◆ Exercise brief ◆
In the answer, each line must appear exactly as in the records, and no picture may appear.

--*--

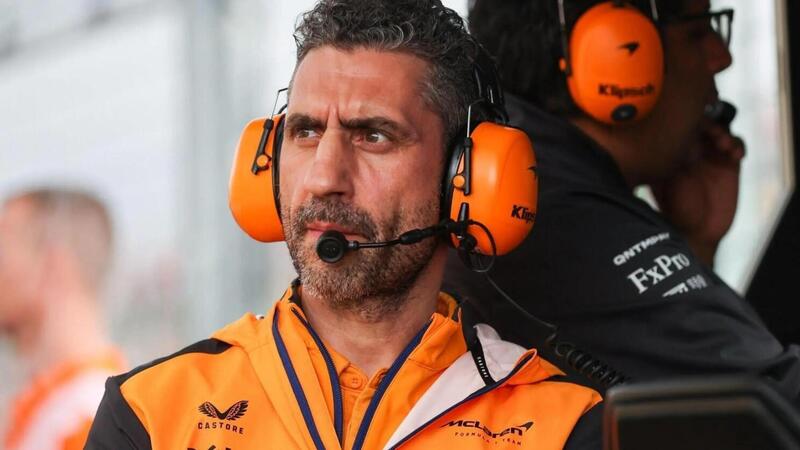 F1. McLaren come l&#039;araba fenice, Andrea Stella: &quot;Inizio disastroso a cui abbiamo saputo rimediare&quot;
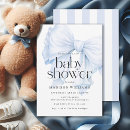 Recherche de elegant baby shower garçon invitations C'est un garçon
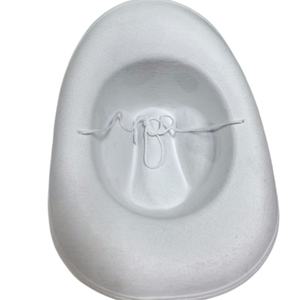 Sombrero Vaquero Personalizado con Estampado de Vaca Multicolor, Brillante, de Ala Ancha, Informal, para Disfraces, Halloween, Fiestas en la Granja - Product Image 2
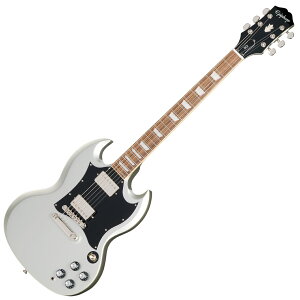 Epiphone GstH SG Standard Silver Mist SGX^_[h Inspired by Gibsony Z Z[ z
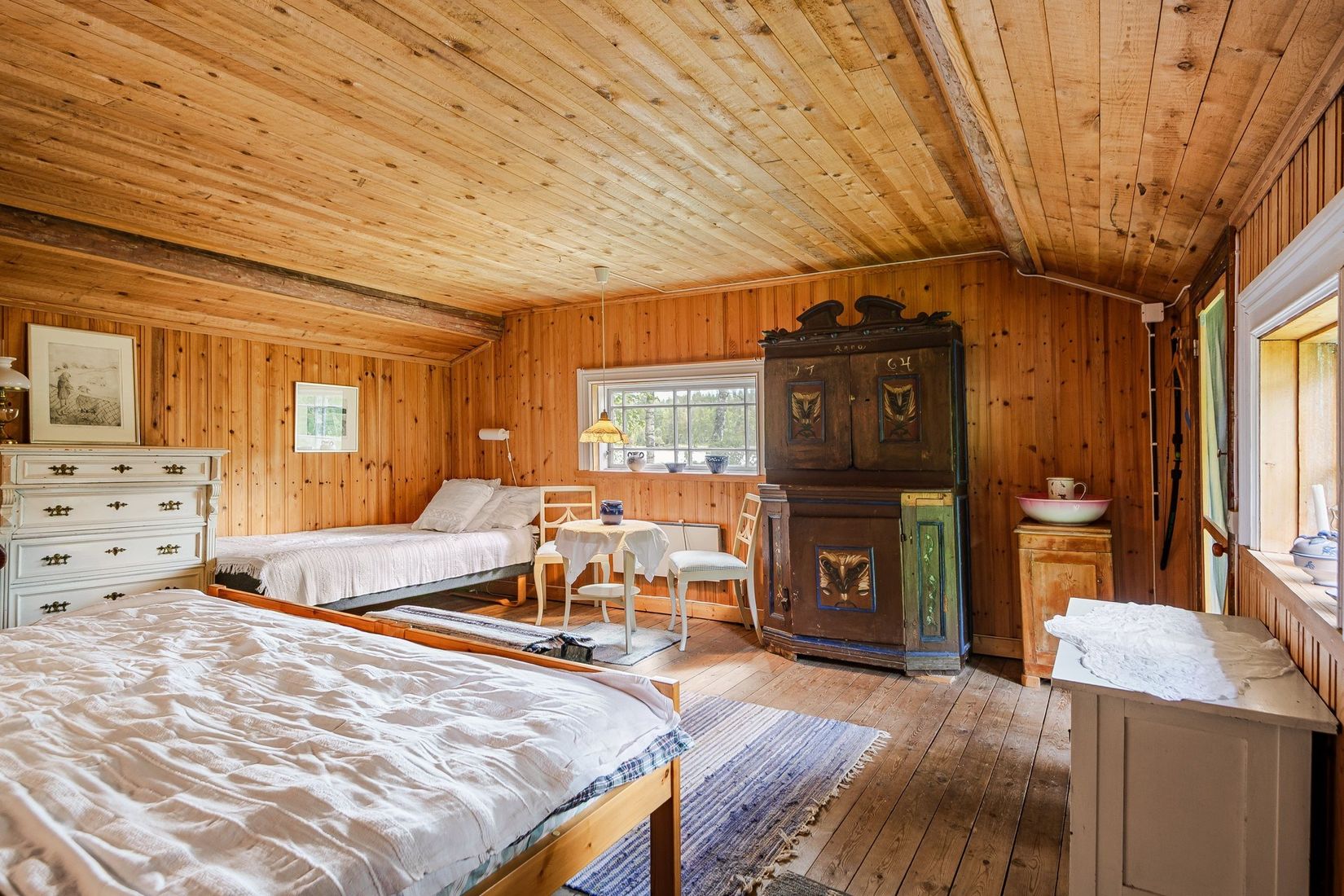 Fritidshus, Såghyttevägen 14, Falun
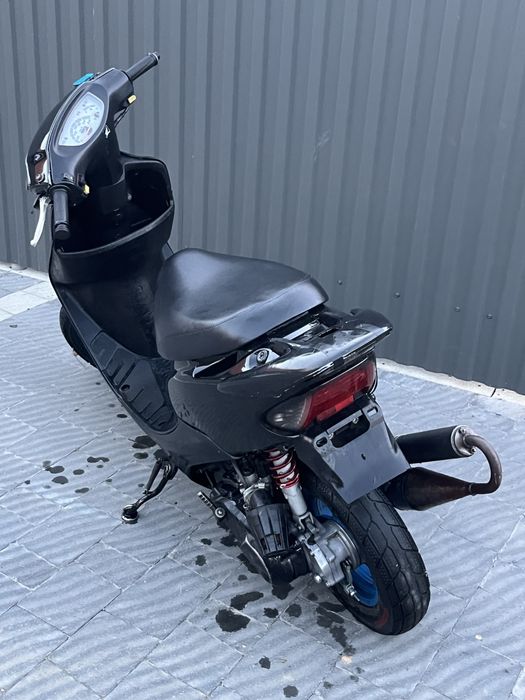 honda dio 35 zx конф - купити мопеди, скутери - Ціна на OLX.ua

--*--

◆ Solution to the exercise ◆
 F1. McLaren come l&#039;araba fenice, Andrea Stella: &quot;Inizio disastroso a cui abbiamo saputo rimediare&quot;
 Recherche de elegant baby shower garçon invitations C'est un garçon
 Sombrero Vaquero Personalizado con Estampado de Vaca Multicolor, Brillante, de Ala Ancha, Informal, para Disfraces, Halloween, Fiestas en la Granja - Product Image 2
 Epiphone GstH SG Standard Silver Mist SGX^_[h Inspired by Gibsony Z Z[ z
 Fritidshus, Såghyttevägen 14, Falun
 honda dio 35 zx конф - купити мопеди, скутери - Ціна на OLX.ua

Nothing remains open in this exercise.